The Financial Impact of Charter School Growth on District Schools in Massachusetts
On Nov. 8, Massachusetts residents will vote on Ballot Question 2, a referendum on whether to lift a statewide cap and allow up to 12 new charter schools to launch each year, with a preference given to charters that would open in low-performing districts. Proponents of lifting the cap argue that the Bay State’s charters are amongst the best in the nation. Opponents argue that whatever gains may accrue to charter students, the cost to the public school system is far too high.
Perhaps because the research literature on the strength of Boston charter schools is so compelling, charter proponents have focused more on touting academic benefits than debating financial costs. This may have been a significant oversight, because while the claims of charter proponents have been borne out through gold-standard studies, the claims of charter opponents don’t stand up to a basic accounting analysis.
The Campaign to Save our Public Schools, a teachers’ union affiliated anti-charter advocacy organization, claims that charter enrollment costs traditional public school districts over $400 million dollars a year on net, largely from Chapter 70 state aid. While this figure isn’t false, focusing on it in isolation paints a significantly misrepresentative picture. Presenting net-cost alone misses two significant pieces to the financial puzzle: the per-pupil effect of charter enrollment on traditional districts, and the local funding contribution.
Chapter 70 Aid in a Nutshell
To understand MA charter finance, a basic understanding of the mechanics of the state funding system, Chapter 70, is necessary. Chapter 70 doesn’t fully fund Massachusetts schools through state funding, but rather is intended to make overall school finance more equitable across districts where property tax revenue varies. The state Chapter 70 contribution is based on a calculation made by the MA Department of Elementary and Secondary Education that sets a foundation budget based on the students residing in the district, weighted for their characteristics, and then calculates the necessary local finance contribution based on aggregate property values and income. Whatever portion of the foundation budget is not covered by the local contribution is then covered by Chapter 70 foundation aid.
Districts then “pay” charter schools an amount consistent with the per-pupil cost of education each student in a district school. Districts are reimbursed through another funding stream for students who have left traditional district schools for charters: 100 percent of per-pupil in the first year, 25 percent for the next five years, as well as an annual per-pupil facilities cost of approximately $900 dollars. Although the state has not always fully funded the reimbursement stream, it is the most generous in the nation.
Net Losses vs. Per-Pupil Gains
The effect is that district schools receive a significant sum of money for students that they no longer teach. As a result, even as net district school funding decreases due to charter enrollment, total per-pupil funding effectively increases. To illustrate the effect, consider the table below. The data are pulled from the Massachusetts Teachers Association website in their calculations of statewide net losses to district schools for 2016. By extending the data to calculate the net per-pupil financial effect of charter enrollment on district schools, we see that even as charter enrollment presents a net cost of $412 million to traditional districts, it also effectively causes an increase of $85 million dollars in aggregate spending for district students.
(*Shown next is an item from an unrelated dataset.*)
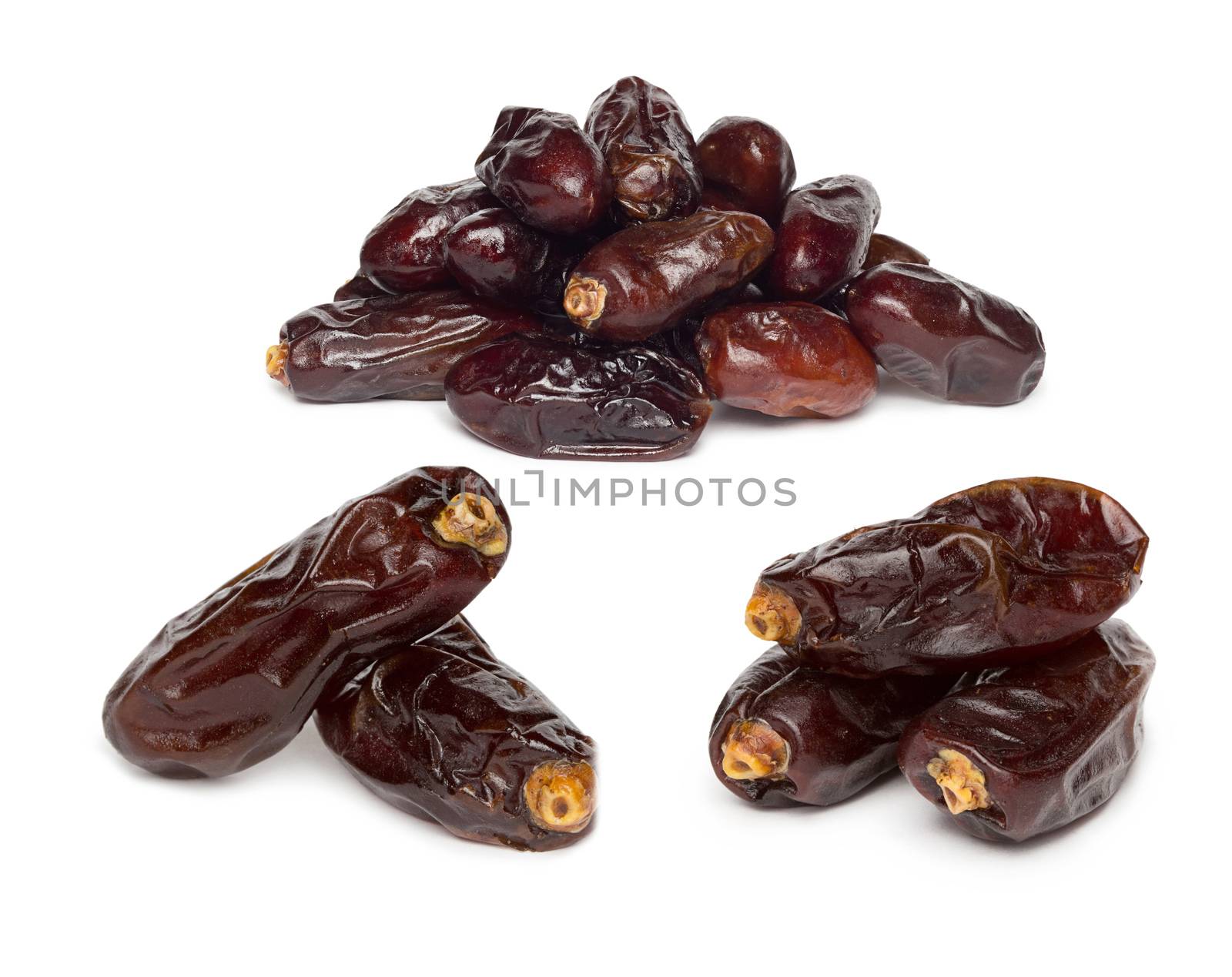 Fresh dates over white background by ozaiachin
Source: Author’s calculations based on MTA data. See Massachusetts Teachers Association, “District Funds Lost to Charter Schools” (accessed Aug. 17, 2016.)
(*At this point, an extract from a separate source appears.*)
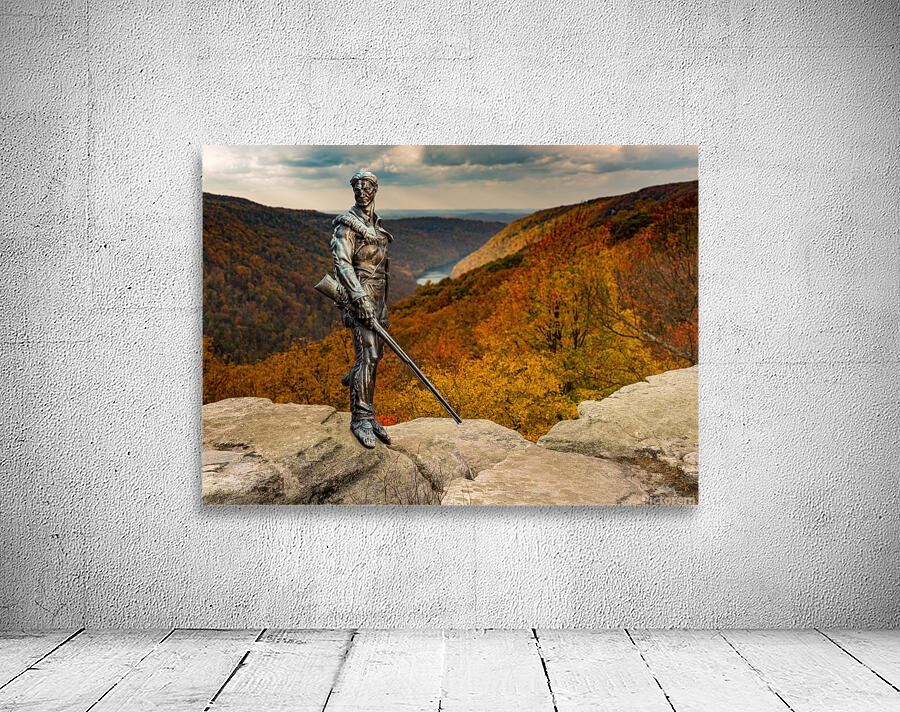 Mountaineer statue from WVU with fall leaves in West Virginia Wall Preview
Now, one can’t conclude that the aggregate per-pupil spending increase necessarily presents a net-benefit to traditional district schools. District administrators may be quick to point out that due to longstanding vendor agreements, work rules, and bargaining arrangements, the net cost might be operationally more consequential than the per-pupil gains. But at the very least, the financial equation is far more complex than charter opponents have let on.
Local Contribution: Spotlight on Boston Public Schools
In fact, in Boston charter enrollment does not even present a net cost to the school district. As the Boston Municipal Research Bureau has pointed out, even though Boston has seen its net Chapter 70 aid decrease by $56 million dollars from FY2011 to FY2015, in large part due to increased charter enrollment, its overall operating budget has increased by 23.4 percent.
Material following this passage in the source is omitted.